Crawled caption data
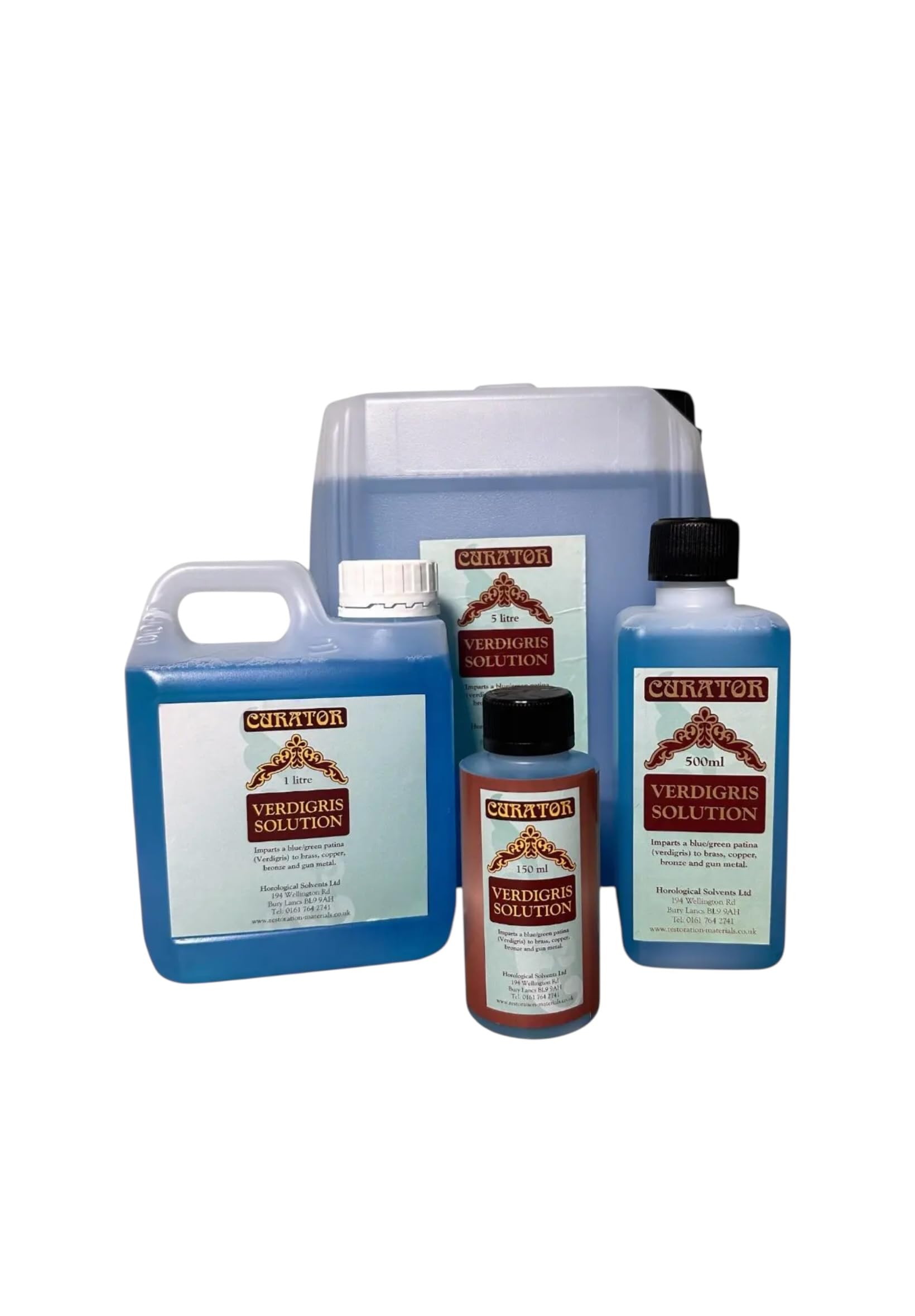Priory Polishes Curator Verdigris Solution for Copper, Bronze and Brass (1 Litre)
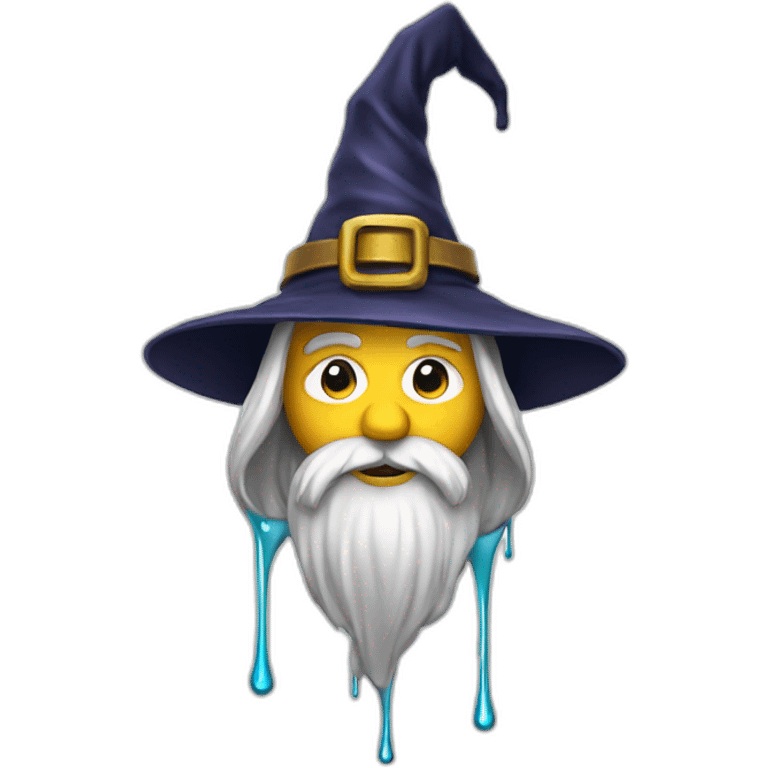 Wizard with drip emoji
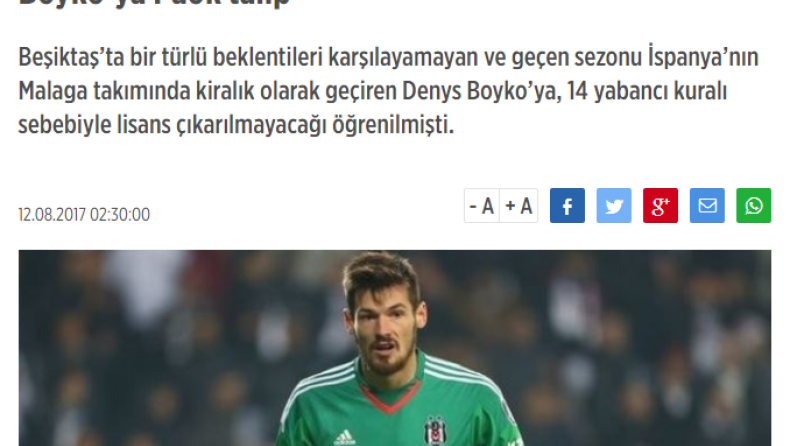 Oι Τούρκοι γράφουν για Μπόικο και ΠΑΟΚ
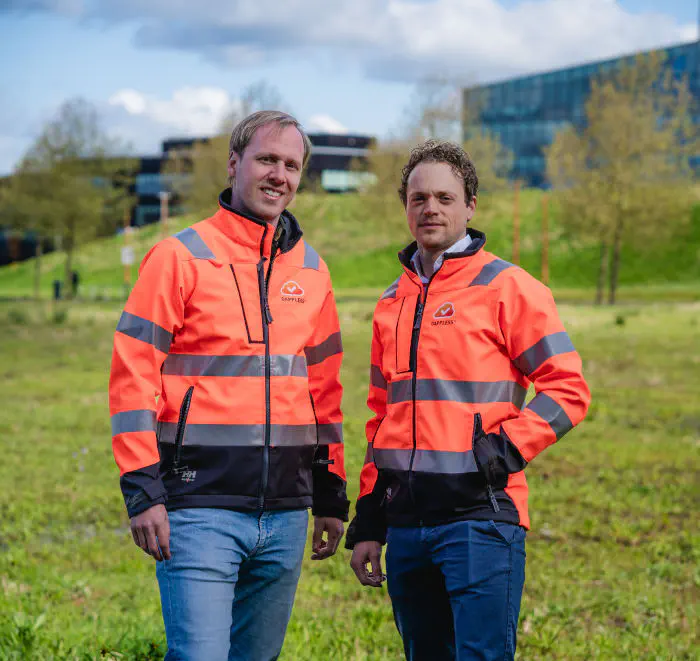 Links Koen van Ekdom, rechts Siemen Everts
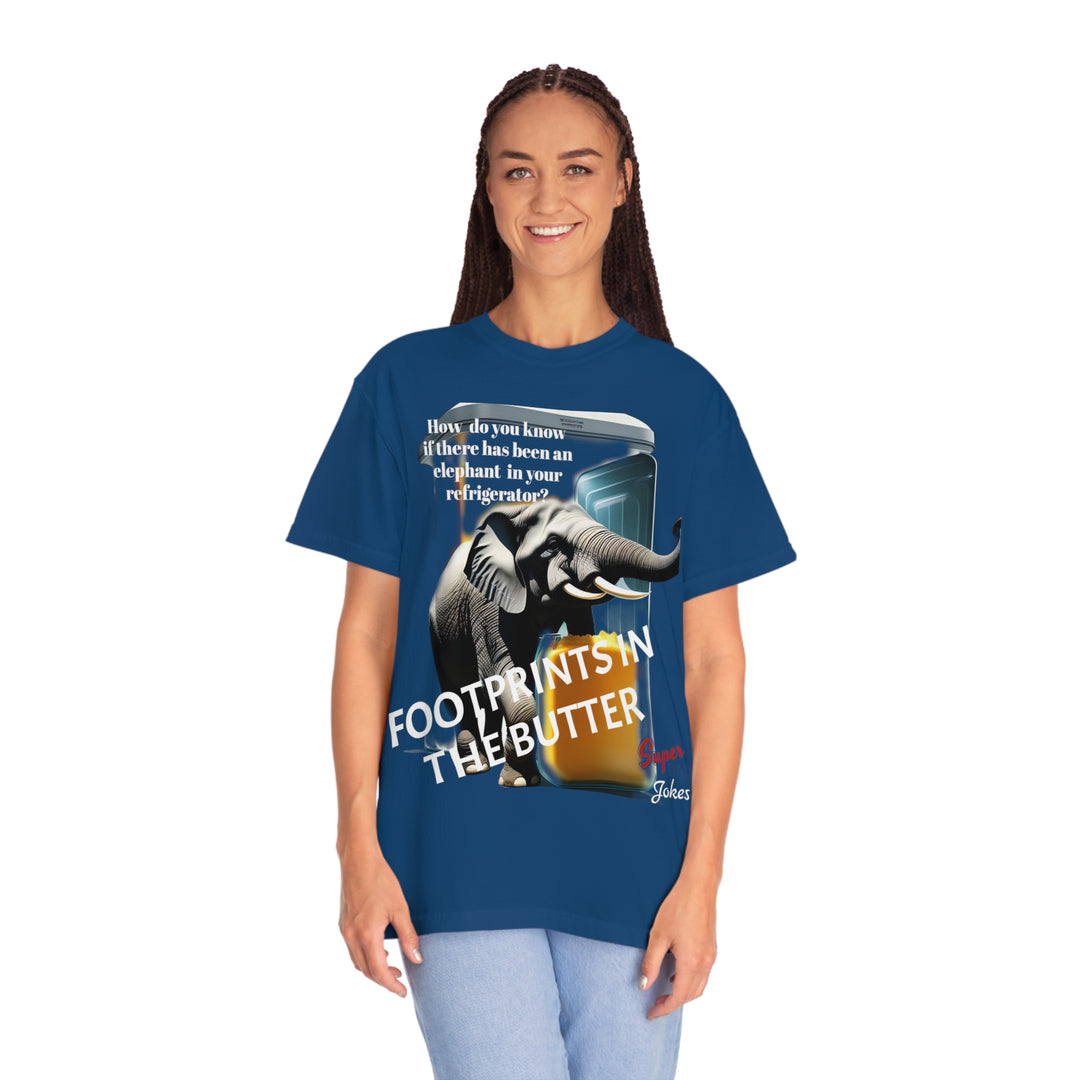 Dad jokes elephant Unisex Garment-Dyed T-shirt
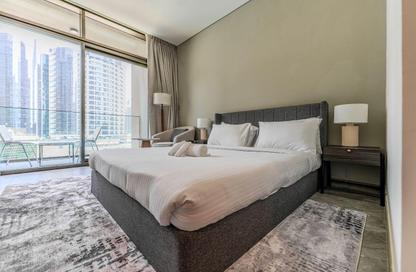 Apartment - Studio - 1 Bathroom for rent in Peninsula Two - Peninsula - Business Bay - Dubai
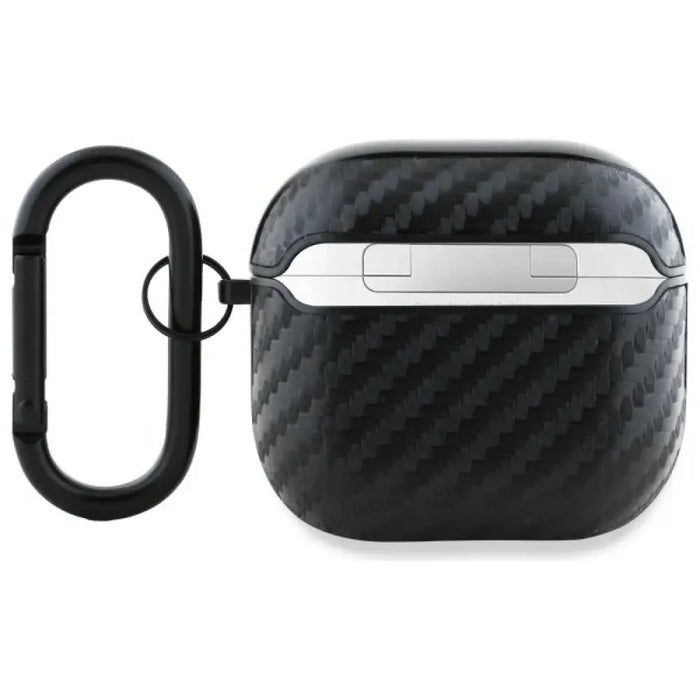 BMW Carbon Double Metal Logo калъф за AirPods 4 - черен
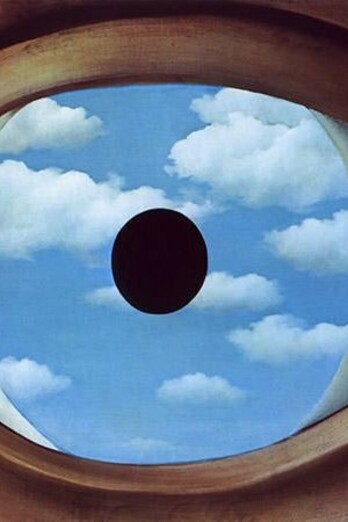 «El falso espejo» (1929), René Magritte
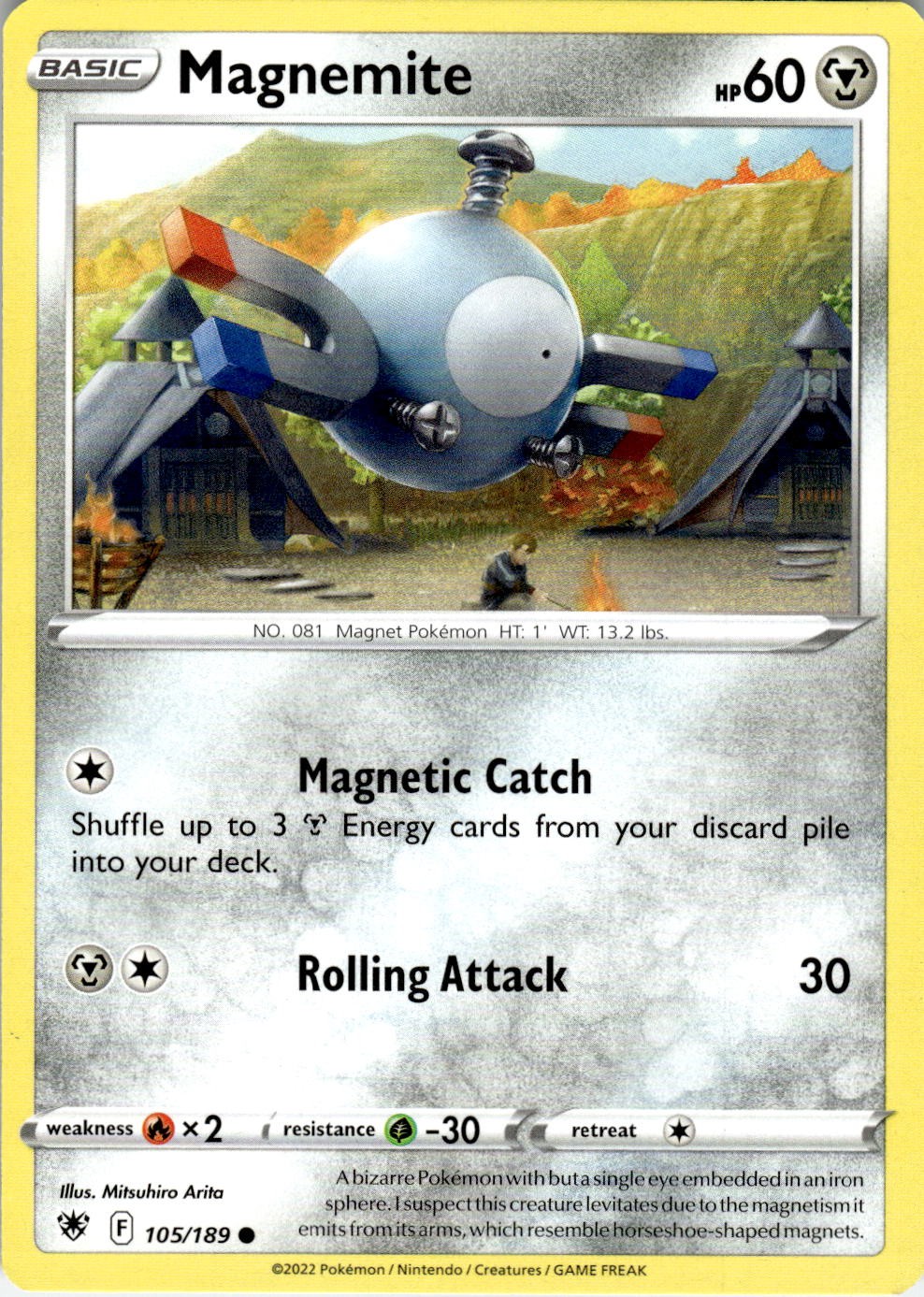 Magnemite 105/189 Common Astral Radiance Pokemon Near Mint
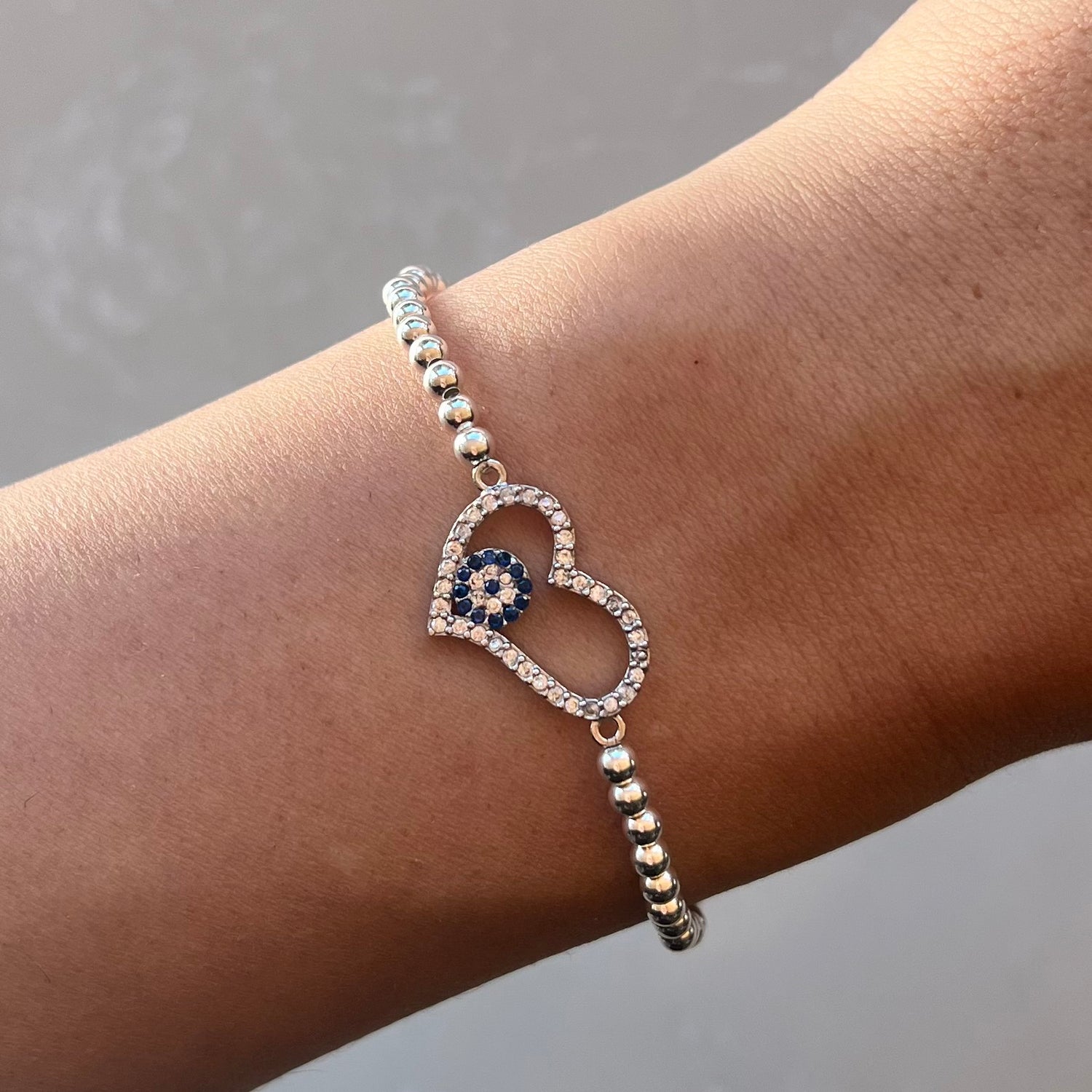 Karthia Silver Elastic Bracelet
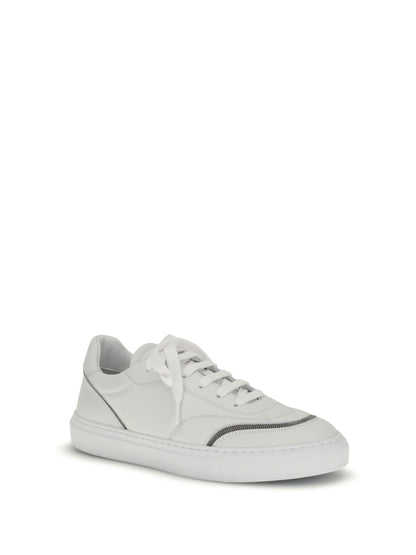 BRUNELLO CUCINELLI 40 leather sneakers with shiny details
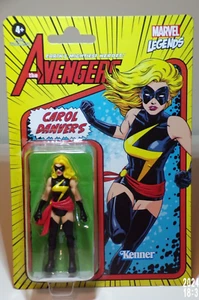 Marvel Legends Retro CAROL DANVERS Action Figure 3.75" Avenger Hasbro Kenner MOC - Picture 1 of 2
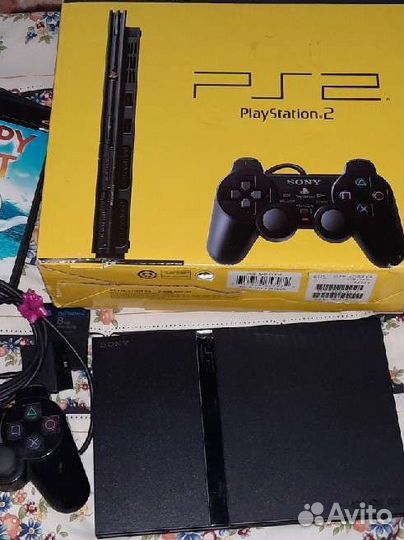 Игровая приставка sony playstation 2 бу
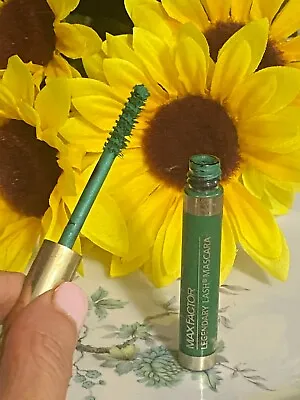 Vintage Max Factor Hollywood  Legendary Lash Mascara Striking Green  Nos • £29.92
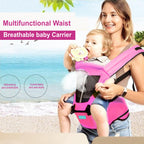 Motherly 2-in-1 Baby Carrier Bag for 6 to 36 Months - Kangaroo Style with Hip Seat for Comfort Carrying - MOTHERLY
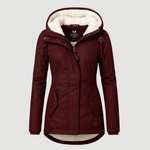 Celine™ | Manteau d’hiver imperméable avec capuche | Maya Deauville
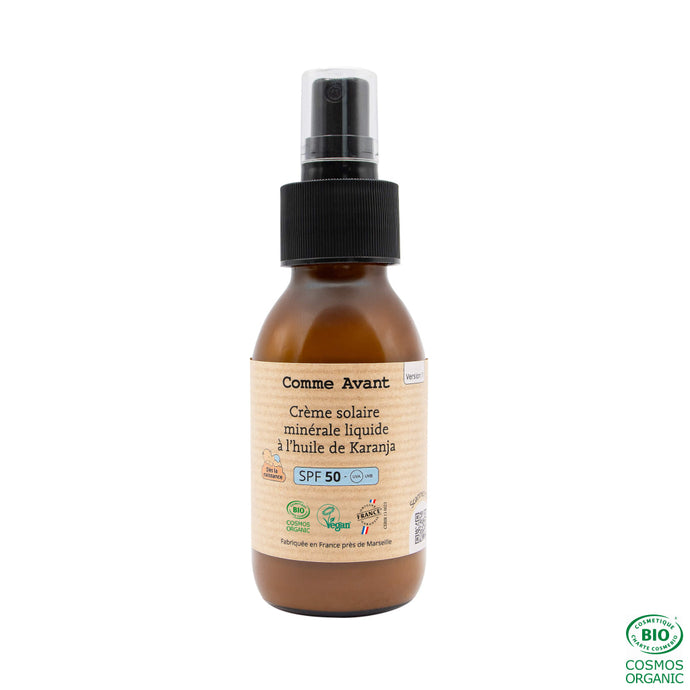 Packshot creme solaire spf50 recto comme avant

*EXERCISE DIRECTIONS*: Reproduce, word for word, the lines from the one containing "Marvel Legends Retro" through the final line above. Leave every picture out.

*OUTPUT*:
 Marvel Legends Retro CAROL DANVERS Action Figure 3.75" Avenger Hasbro Kenner MOC - Picture 1 of 2
 Игровая приставка sony playstation 2 бу
 Vintage Max Factor Hollywood  Legendary Lash Mascara Striking Green  Nos • £29.92
 Motherly 2-in-1 Baby Carrier Bag for 6 to 36 Months - Kangaroo Style with Hip Seat for Comfort Carrying - MOTHERLY
 Celine™ | Manteau d’hiver imperméable avec capuche | Maya Deauville
 Packshot creme solaire spf50 recto comme avant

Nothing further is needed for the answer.